## Data excerpts:

== Segment start ==

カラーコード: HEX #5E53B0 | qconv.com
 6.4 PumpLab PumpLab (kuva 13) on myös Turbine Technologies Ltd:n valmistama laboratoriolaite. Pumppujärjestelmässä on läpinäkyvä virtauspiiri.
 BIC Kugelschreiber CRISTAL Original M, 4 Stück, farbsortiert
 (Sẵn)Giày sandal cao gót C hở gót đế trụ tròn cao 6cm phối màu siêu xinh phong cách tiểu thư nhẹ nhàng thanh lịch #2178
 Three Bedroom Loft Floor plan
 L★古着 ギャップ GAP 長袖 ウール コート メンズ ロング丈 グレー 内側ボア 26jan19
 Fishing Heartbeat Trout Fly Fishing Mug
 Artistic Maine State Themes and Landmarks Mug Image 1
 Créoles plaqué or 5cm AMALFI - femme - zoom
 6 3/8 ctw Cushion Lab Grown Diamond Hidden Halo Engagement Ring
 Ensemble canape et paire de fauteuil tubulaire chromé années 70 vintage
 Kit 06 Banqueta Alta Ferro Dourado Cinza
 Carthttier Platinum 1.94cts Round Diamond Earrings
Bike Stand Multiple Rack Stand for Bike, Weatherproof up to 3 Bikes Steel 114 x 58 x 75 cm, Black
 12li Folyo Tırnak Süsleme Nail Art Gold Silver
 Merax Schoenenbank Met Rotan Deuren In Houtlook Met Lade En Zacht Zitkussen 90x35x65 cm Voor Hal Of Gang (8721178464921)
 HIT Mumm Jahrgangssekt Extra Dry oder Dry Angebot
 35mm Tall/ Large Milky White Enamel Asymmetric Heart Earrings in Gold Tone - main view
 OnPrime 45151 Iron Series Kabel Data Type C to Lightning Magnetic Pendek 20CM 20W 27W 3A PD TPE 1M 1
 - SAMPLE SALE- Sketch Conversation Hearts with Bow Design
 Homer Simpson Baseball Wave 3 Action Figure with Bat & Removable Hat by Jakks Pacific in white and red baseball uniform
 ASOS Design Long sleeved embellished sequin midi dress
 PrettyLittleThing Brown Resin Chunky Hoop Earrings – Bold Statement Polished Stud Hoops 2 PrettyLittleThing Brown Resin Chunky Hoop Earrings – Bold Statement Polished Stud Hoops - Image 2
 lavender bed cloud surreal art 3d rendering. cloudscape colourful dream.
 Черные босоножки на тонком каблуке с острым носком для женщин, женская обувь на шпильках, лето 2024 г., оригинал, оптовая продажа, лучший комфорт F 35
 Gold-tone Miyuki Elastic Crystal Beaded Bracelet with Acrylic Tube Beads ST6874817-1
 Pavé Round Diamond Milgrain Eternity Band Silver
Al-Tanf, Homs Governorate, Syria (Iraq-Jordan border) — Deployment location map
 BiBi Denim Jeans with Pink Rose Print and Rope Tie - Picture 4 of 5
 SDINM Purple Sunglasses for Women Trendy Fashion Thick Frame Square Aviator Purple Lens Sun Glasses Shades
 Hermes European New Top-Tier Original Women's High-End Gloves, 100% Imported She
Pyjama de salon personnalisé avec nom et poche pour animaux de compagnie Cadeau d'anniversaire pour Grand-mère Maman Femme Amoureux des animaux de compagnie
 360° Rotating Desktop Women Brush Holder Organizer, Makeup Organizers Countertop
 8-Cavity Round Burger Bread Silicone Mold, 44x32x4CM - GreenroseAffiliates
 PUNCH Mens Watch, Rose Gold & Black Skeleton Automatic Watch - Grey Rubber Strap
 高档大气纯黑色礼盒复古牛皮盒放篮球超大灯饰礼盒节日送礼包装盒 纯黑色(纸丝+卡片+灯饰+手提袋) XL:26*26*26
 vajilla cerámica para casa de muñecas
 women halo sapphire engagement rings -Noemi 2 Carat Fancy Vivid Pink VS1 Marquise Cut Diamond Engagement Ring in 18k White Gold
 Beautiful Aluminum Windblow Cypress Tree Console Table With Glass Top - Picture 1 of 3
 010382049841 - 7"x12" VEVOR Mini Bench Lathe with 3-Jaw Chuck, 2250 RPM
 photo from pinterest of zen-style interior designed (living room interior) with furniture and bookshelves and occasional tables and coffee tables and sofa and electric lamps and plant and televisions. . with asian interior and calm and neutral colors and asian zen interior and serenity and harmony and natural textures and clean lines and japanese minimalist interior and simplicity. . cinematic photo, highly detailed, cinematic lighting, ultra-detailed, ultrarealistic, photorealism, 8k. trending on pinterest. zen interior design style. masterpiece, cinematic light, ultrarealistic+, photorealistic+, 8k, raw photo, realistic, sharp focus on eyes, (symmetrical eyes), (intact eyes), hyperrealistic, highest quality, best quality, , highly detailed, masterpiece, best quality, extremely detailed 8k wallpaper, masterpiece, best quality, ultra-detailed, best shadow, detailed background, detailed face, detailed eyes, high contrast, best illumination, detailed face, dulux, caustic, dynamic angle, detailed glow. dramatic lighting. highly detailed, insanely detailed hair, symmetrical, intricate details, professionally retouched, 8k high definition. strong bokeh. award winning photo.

== Segment end ==

Extract every line above that contains the word "Earrings".

 Carthttier Platinum 1.94cts Round Diamond Earrings
 35mm Tall/ Large Milky White Enamel Asymmetric Heart Earrings in Gold Tone - main view
 PrettyLittleThing Brown Resin Chunky Hoop Earrings – Bold Statement Polished Stud Hoops 2 PrettyLittleThing Brown Resin Chunky Hoop Earrings – Bold Statement Polished Stud Hoops - Image 2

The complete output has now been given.